• [TO DO]
This exercise calls for an exact copy of the listing, with no pictures kept.

Top of SOURCE DATA

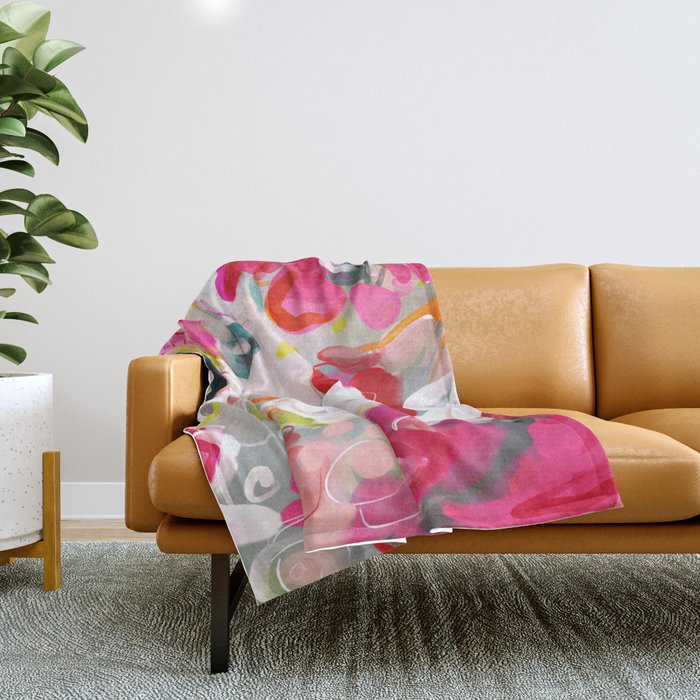 Dream Flowers In Pink Rose Floral Abstract Art Throw Blanket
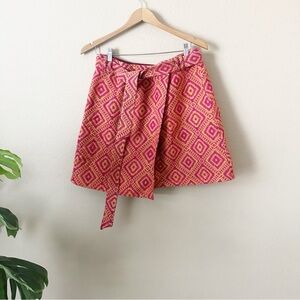 Anthropologie Structured Knit Tapestry Mini Wrap Skirt Size 10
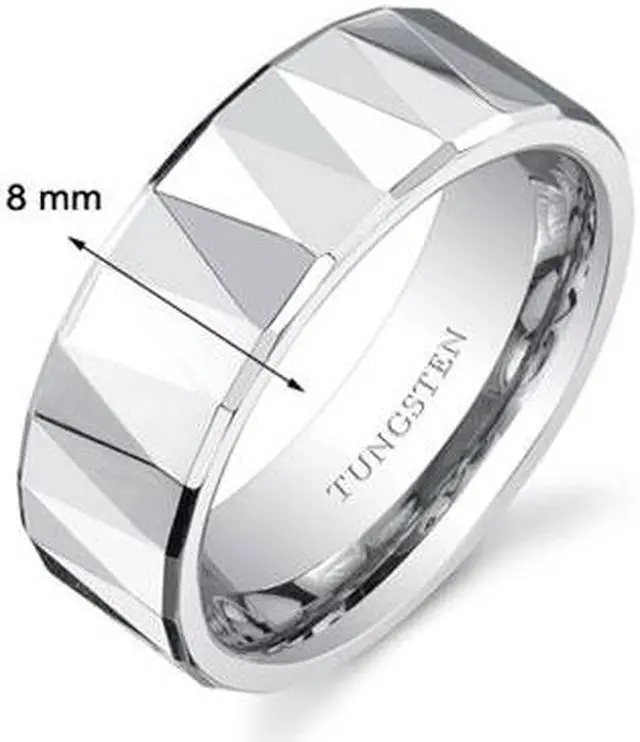 Main image of Faceted Polished FInish 8mm Mens White Tungsten Wedding Band Ring Available in Sizes 8 to 13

Bottom of SOURCE DATA

• [WRITTEN RESPONSE]
 Dream Flowers In Pink Rose Floral Abstract Art Throw Blanket
 Anthropologie Structured Knit Tapestry Mini Wrap Skirt Size 10
 Main image of Faceted Polished FInish 8mm Mens White Tungsten Wedding Band Ring Available in Sizes 8 to 13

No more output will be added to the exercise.